The I/O manager must execute in the context of the thread which started the I/O, because it must copy data 
into the user mode address region of the calling process. The thread which called the dispatch routine is 
exactly the right one so the I/O manager code starts doing the job, as soon as it notices the return value is 
not STATUS_PENDING.
On the other hand, when the dispatch routine returns STATUS_PENDING, it is telling the I/O manager that, 
at some other point in time it will perform the I/O and call IoCompleteRequest(), but this can happen at any 
time after the dispatch routine has returned, of even before it does. So the I/O manager does nothing upon 
receiving control from the dispatch routine and just returns the pending status to the caller.
The I/O manager will enqueue the APC when the driver has completed the request, but only if the driver 
notifies it by setting the SL_PENDING_RETURNED inside the I/O stack location. 
The reason why an APC is used is also explained in [1]: APCs execute in the context of a specific thread, so 
this one is targeted to the thread which started the I/O, allowing the I/O manager to copy data into the user 
mode address region.
It’s worth noting that if the user mode code performed the I/O asynchronously, the thread may be doing 
something else when the APC interrupt is acknowledged. The thread will then be diverted by the kernel to 
the I/O manager finalization code and the user mode code will see the effect of the completed I/O (e. g. 
event signaled inside the OVERLAPPED structure).
From what we have seen so far, we know that the I/O manager determines its behavior from two pieces of
information: the return value from the dispatch routine and the SL_PENDING_RETURNED bit in the I/O 6
stack location, when IoCompleteRequest is called. So far we are considering a stack made up of a single
driver, so we have only one stack location.
Not Following The IRP Completion Rules
Now we can understand what happens if we misbehave.
We have already seen that a driver which
 does not call IoMarkIrpPending()
 returns STATUS_PENDING
 at some point in time (may be before returning STATUS_PENDING) calls IoCompleteRequest
cause the I/O operation to never finish.
Another case is
 call IoMarkIrpPending()
 call IoCompleteRequest()
 return STATUS_SUCCESS
The result is the I/O is completed by the APC code, because of the IoMarkIrpPending() call and then again 
when the dispatch routine returns and the I/O manager sees STATUS_SUCCESS. Actually, these two 
events could also take place in different order: first the dispatch routine returns and the IRP is completed, 
then the APC executes and the IRP is completed again.
In both cases, this results in a bugcheck 0x44 (MULTIPLE_IRP_COMPLETE_REQUESTS), because an IRP 
cannot be completed twice.
It’s even possible that the memory used by the IRP has already been reused by the time the second 
completion is attempted, so instead of the double completion bugcheck there could be every sort of strange 
behavior due to corruption of kernel memory.

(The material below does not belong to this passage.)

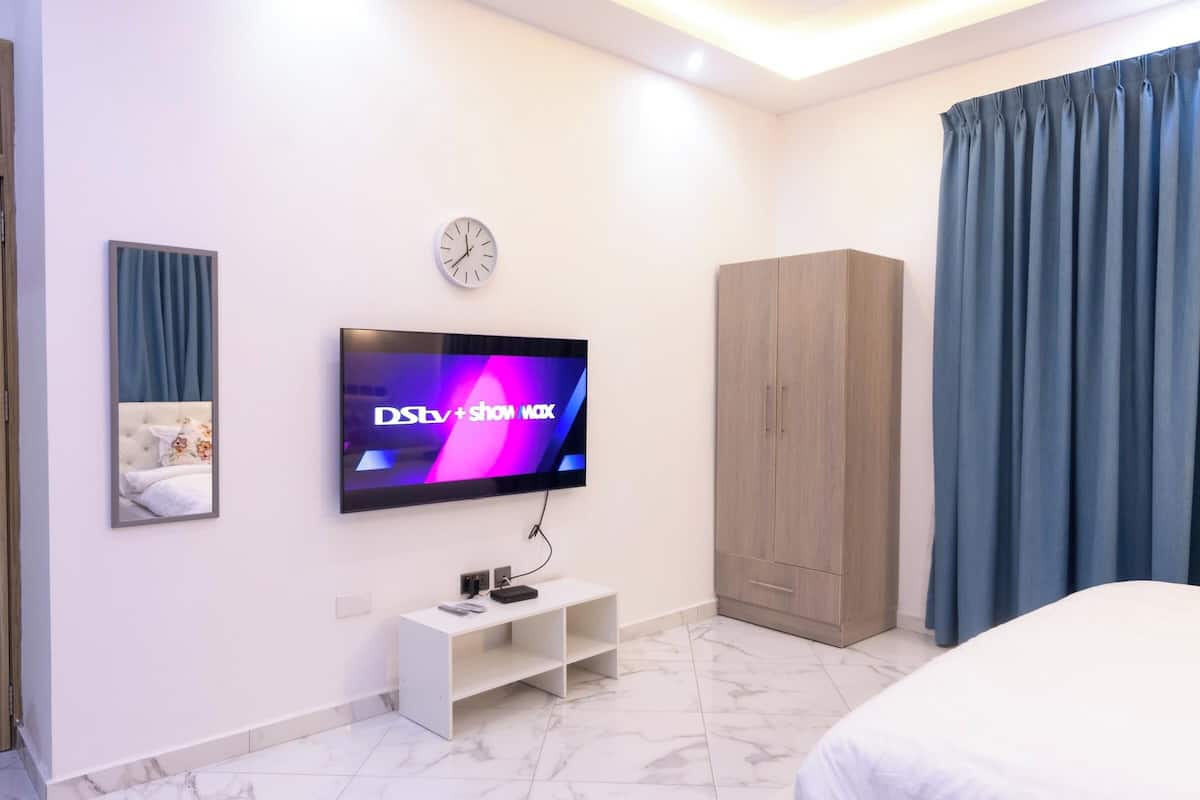 Une chambre d’hôtel moderne équipée d’un téléviseur à écran plat, d’une armoire en bois, d’un lit et d’une petite table console blanche.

The scenario can be tested in two ways with the test code.
First, it’s possible to set up DispatchRead so that it performs the sequence IoMarkIrpPending(), 
IoCompleteRequest(), return STATUS_SUCCESS. This usually results in bugcheck 0x44 while the client
thread is still inside ReadFile().
Second, DispatchRead() also allows you to use a timer to schedule the call to IoCompleteRequest with a 10’’ 
delay. This ensures the dispatch routine returns first and the bugcheck occurs when the timer routine calls 
IoCompleteRequest().
This scenario is much more interesting, because the client process actually has time to terminate and report 
that ReadFile() executed just fine, because of the returned STATUS_SUCCESS. Then, without doing 
anything else, after about 10’’ the system crashes, apparently by itself (Who? Me? I wasn’t even running 
when it happened, your honor!).
This leads to an interesting question: IoCompleteRequest() should enqueue an APC targeted at the thread 
which initiated the I/O, which, at the time IoCompleteRequest() is called, has terminated. So why do we get a 
bugcheck 0x44, as if the (vanished) thread were completing the IRP for the second time and not a different 
one, say a were-the-heck-is-my-thread bugcheck?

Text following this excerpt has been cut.